#### [PROVIDED MATERIAL]
- Opening Delimiter -

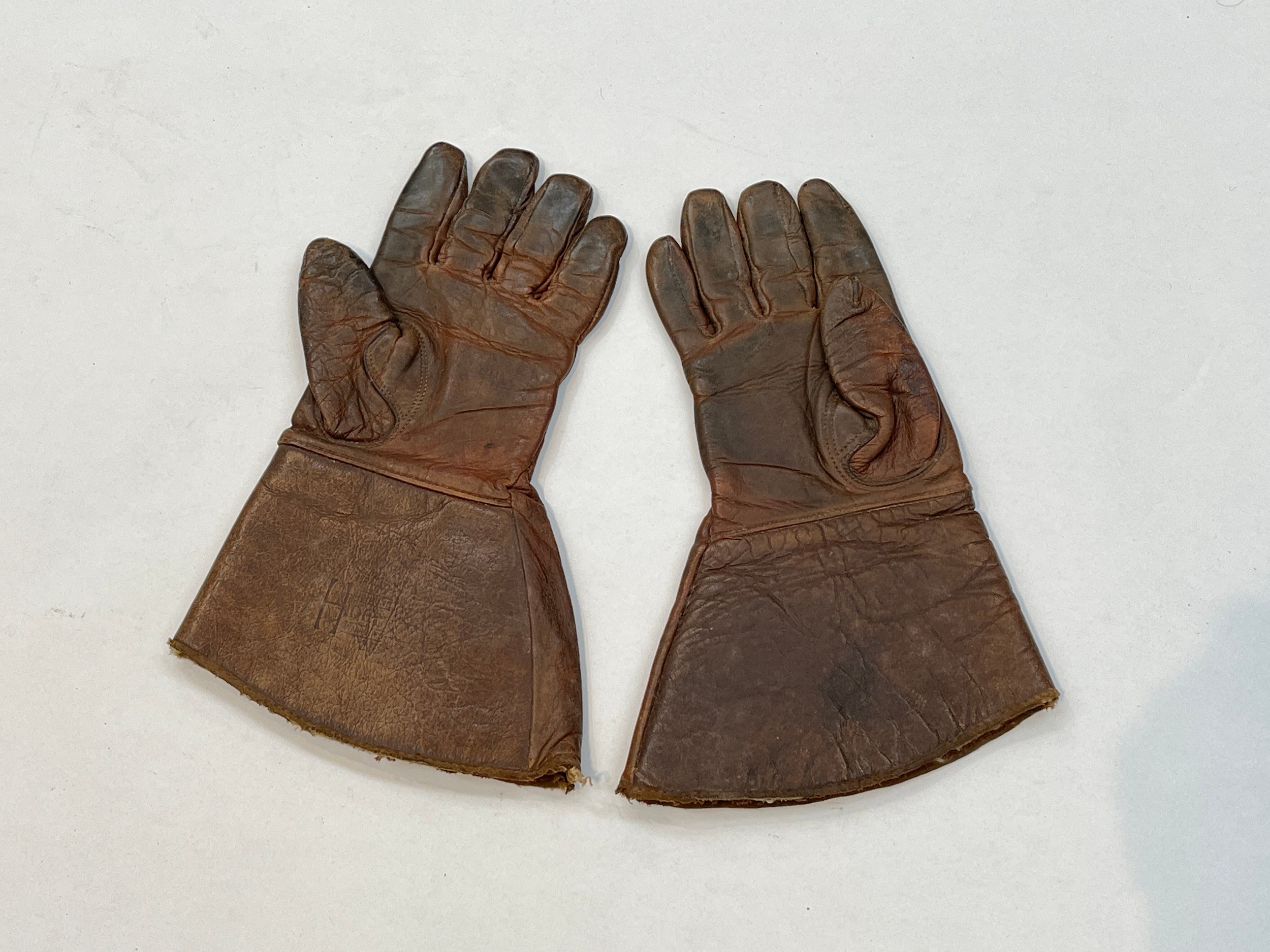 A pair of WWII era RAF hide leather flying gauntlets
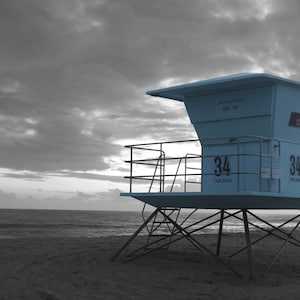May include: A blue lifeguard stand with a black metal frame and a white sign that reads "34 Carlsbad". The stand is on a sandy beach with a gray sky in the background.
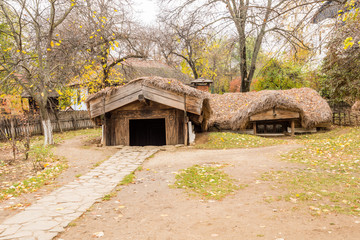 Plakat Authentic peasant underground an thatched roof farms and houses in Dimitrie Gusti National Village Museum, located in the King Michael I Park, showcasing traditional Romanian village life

- Closing Delimiter -

Everything in the data except the pictures needs to be written out exactly.

#### [TASK ANSWER]
 A pair of WWII era RAF hide leather flying gauntlets
May include: A blue lifeguard stand with a black metal frame and a white sign that reads "34 Carlsbad". The stand is on a sandy beach with a gray sky in the background.
 Plakat Authentic peasant underground an thatched roof farms and houses in Dimitrie Gusti National Village Museum, located in the King Michael I Park, showcasing traditional Romanian village life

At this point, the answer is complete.